4. Buitendagvenstervergoeding;

- Van maandag tot en met vrijdag 50% van het uurloon;

- Zaterdag 75% van het uurloon;

- Zondag 100% van het uurloon.

5. De ambtenaar in schaal 11 en hoger heeft geen recht op een buitendagvenstervergoeding.

 

HOOFDSTUK 4VERLOF; vakantieverlof

 

Artikel 4.1 Basisverlof

1. De duur van het jaarlijkse vakantieverlof bedraagt 144 uren conform het aantal uren dat wordt vermeld in artikel 6:2 van de CAR-UWO;

2. De duur van het jaarlijkse vakantieverlof wordt verhoogd met leeftijdsverlof bij:

 

35 jaar tot en met 39 jaar; 7,2 uur

40 tot en met 44 jaar; 14,4 uur

45 tot en met 49 jaar; 21,6 uur

50 jaar en ouder; 28,8 uur

 

3. De ambtenaar kan maximaal 80 uren per jaar meenemen naar het daaropvolgende kalenderjaar.
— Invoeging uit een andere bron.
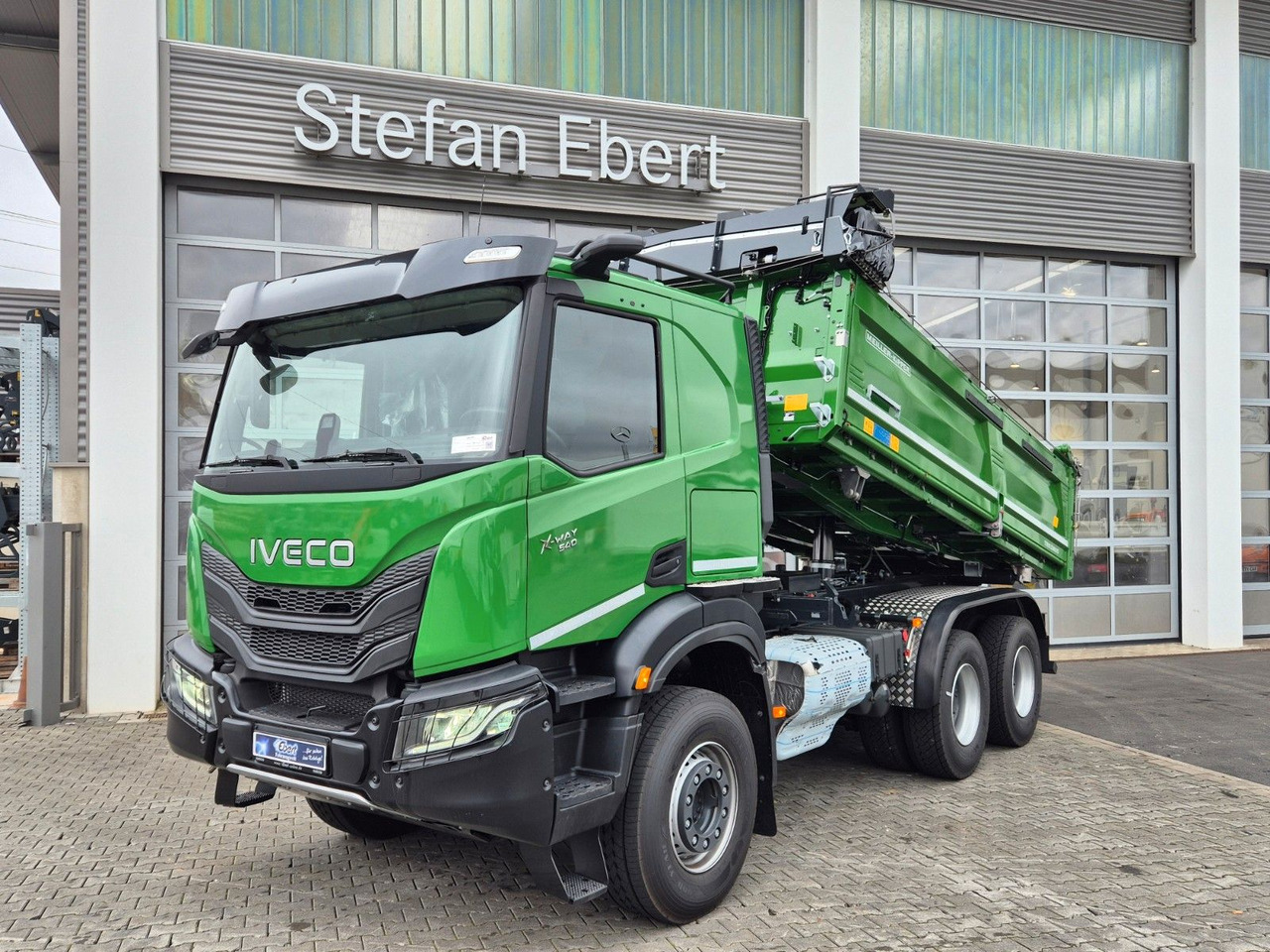 Iveco AT300X54Z HR OFF Bordmatik AHK Intarder - Kipper vrachtwagen: afbeelding 1 Iveco AT300X54Z HR OFF Bordmatik AHK Intarder - Kipper vrachtwagen: afbeelding 1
4. Indien de ambtenaar meer dan 80 uren mee wil nemen naar het volgend jaar, dan dient de ambtenaar hiertoe een gemotiveerd verzoek in te dienen bij zijn leidinggevende.

 

Artikel 4.2Maatstaf bepaling verlofuren

Als maatstaf ter bepaling van de hoogte van het verlof, bedoeld in artikel 4.1., lid 2 van deze uitvoeringsregeling, geldt de leeftijd die bereikt wordt in het lopende kalenderjaar.

 

Artikel 4.3Afschrijven verlof 24-uursdienst

Zie bijlage II van deze Uitvoeringsregeling voor de spelregels verlof 24-uursdienst.

 

HOOFDSTUK 5Overige rechten en verplichtingen

 

5.1Dienstkleding

 

Artikel 5.1.1Verplichting

De commandant bepaalt welke ambtenaren verplicht zijn voorgeschreven dienstkleding te dragen tijdens de vervulling van hun betrekking. Hij stelt daarbij de uitmonstering, de soort, de draagduur en de wijze van verstrekking van de dienstkleding vast. Hiervoor wordt verwezen naar het Kledingreglement.

 

5.2Opleiding

 

Artikel 5.2.1Begripsbepalingen

In deze paragraaf wordt verstaan onder:

  • a.

    studiekosten: cursus-, les- en/of collegegelden, examen- en diplomagelden, reis– en verblijfkosten, kosten voor studiemateriaal met uitzondering van schrijfgerei, verzendkosten, duurzame gebruiksartikelen en aanbevolen (niet verplichte) literatuur;

  • b.

    studiebelasting: het totaal van de voor de studie benodigde tijd voor het volgen van de lessen exclusief reistijd en de door het opleidingsinstituut aangegeven tijd voor zelfstudie buiten het volgen van de lessen.

 

Artikel 5.2.2Voorwaarden opleiding

Hoofdstuk 17 van de CAR-UWO is integraal van toepassing op het opleidings- en loopbaanbeleid van Veiligheidsregio Flevoland.

 

Artikel 5.3.3Terugbetaling

1. De toestemming tot het volgen van een opleiding wordt eerst verleend indien de ambtenaar schriftelijk heeft verklaard akkoord te gaan met de terugbetalingsverplichting van de studiekosten.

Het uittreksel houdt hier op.